The Raman spectra observed from barnacle muscle fibers are quite complex because the cytoplasm of these cells contains several proteins and solutes. An extraction procedure was used to separate organic solutes from the contractile proteins. Glycine, trimethylamine oxide, taurine, and alanine were found to contribute to the Raman spectra of barnacle muscle fibers, while spectra of lobster fibers reveal the presence of betaine in addition. We have observed that the increase in osmolarity of the intracellular fluid caused by the augmentation of the salinity of sea water (density, 1.023–1.030) in which the barnacles were kept, induces a reduction of intensity of the amide I band.
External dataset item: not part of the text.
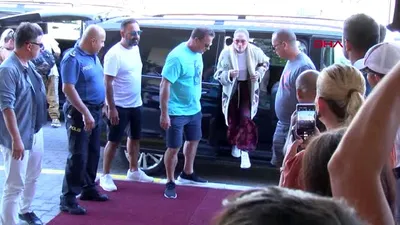 Jennifer Lopez Antalya'da hırkayla dolaştı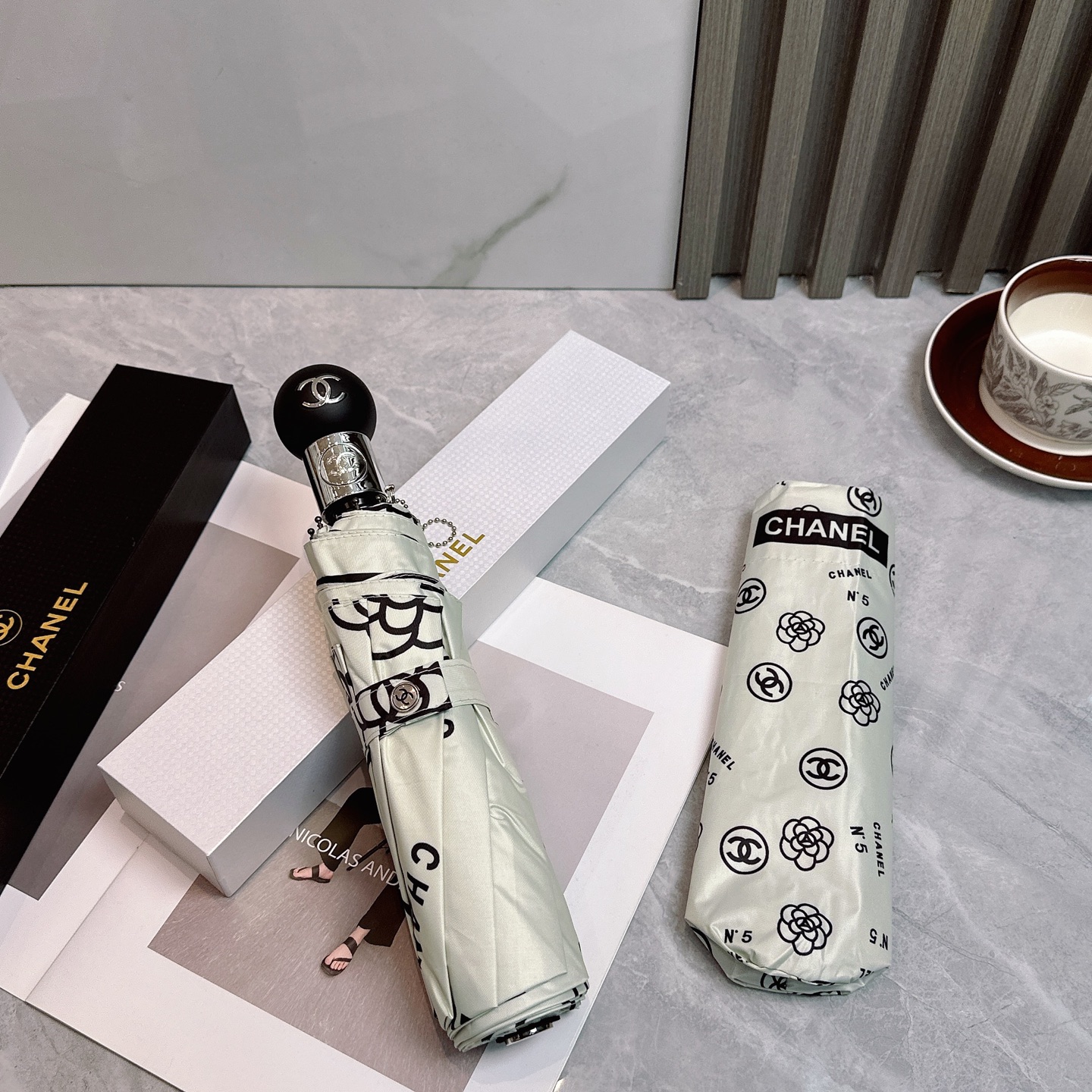  CHANEL（香奈儿）夏季新款 全自动折叠晴雨伞 
黑色涂层防晒有效阻隔紫外线99%，UPF>50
To distinguish among the different parameters which are modified by the sea water salinity, observations were made on glycerinated barnacle muscle fibers. The reduction of intensity of the amide I band in the Raman spectra of glycerinated muscle fibers was also observed with the addition of taurine (0.08 M) in the external relaxing solution. Therefore, under these experimental conditions, the Raman scattering intensity in the amide I region assigned to the α-helix conformation (1645–1650 cm⁻¹) is increased when the concentration of organic electrolytes is reduced. However, as no significant decrease of the scattering intensity in the 1660–1670 cm⁻¹ region where the amide I bands of either β-sheet or disordered conformations normally appear was observed, the increase of intensity of the amide I band centered at 1645 cm⁻¹ is assigned to a change of orientation of α-helical segments of the myosin molecules. Our results suggest that organic solutes influence the position of the S-2 segments relative to the thick filaments.